As you know everything in the world is difficult in the beginning. As you practice the act e.g. riding a bicycle, typing, etc. becomes easy. These acts become easy as the will power (IRADA as called in Arabic) is the fountain head of all habits.
Thus Allah (swt) aims that in the month of Ramadhan abstinence from eating drinking which are normal on other days will increase our will power. The abundance of will power obtained in Ramadhan should now be used in the remaining months for our achievements.
How should we then spend our Ramadhan?
How should we spend the month of Ramadhan after understanding the philosophy? We should abstain from sinning and practice our will. We should attempt good things no matter how difficult they may seem, e.g. giving charity, using time constructively, etc.
A lady once came to be prophet (s.a.w.w) and stated that she was fasting. The Prophet (s.a.w.w.) asked her to break her fast. She was surprised and wondered why was she being told to break her fast. The Prophet (s.a.w.w.) said: “Did you not say bad words to your maid? Well you didn’t have self control and thus your fast has broken.”
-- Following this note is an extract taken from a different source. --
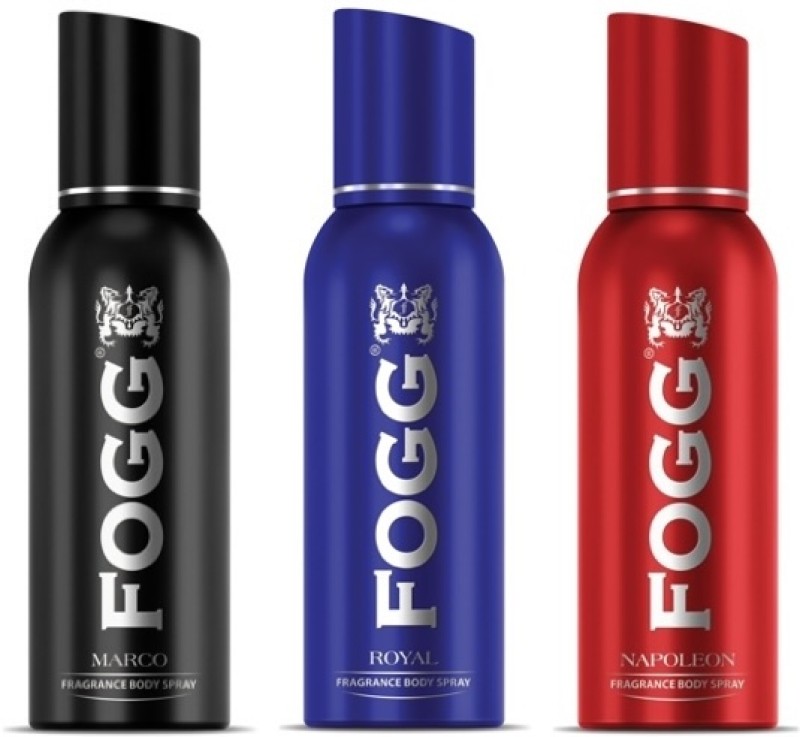 FOGG Marco + Royal + Napoleon – 175ml Each (Pack of 3) Body Spray – For Men(525 ml, Pack of 3)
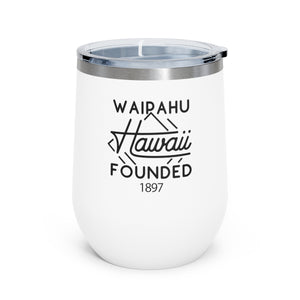 12oz wine tumbler for Waipahu, Hawaii in White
Thus, if we understand the aim of fasting, we shall use the time in Ramadhan in exercising and developing our will. In short all that we are tempted to do and which is a sin should be avoided by practicing your will and self constraint. Instead of killing time by sleeping or playing card games, we should use time doing useful things for ourselves and the Muslim nation. We should observe all our defects and improve them by exercising our will. If we are in the habit of lying, we should remove it in this month. Once we have developed a considerable amount of will power, we should use it and develop it further in other months.
Looking at Ramadhan from this angle we see that it is deliberate attempt by Allah to put us in asituation where we shall all be practicing things together. Acts which are done socially are easy and become lighter in burden, then when done individually.
Also Ramadhan provides us an opportunity to have a rare glimpse into the life of the poor and hungry and to make us understand that the hunger which we shall overcome or Iftaar is something the poor undergo each day. What a better way to understand things?
Fasting is a prescription that frees us from slavery to desires by developing our will power, a vital ingredient that builds civilizations.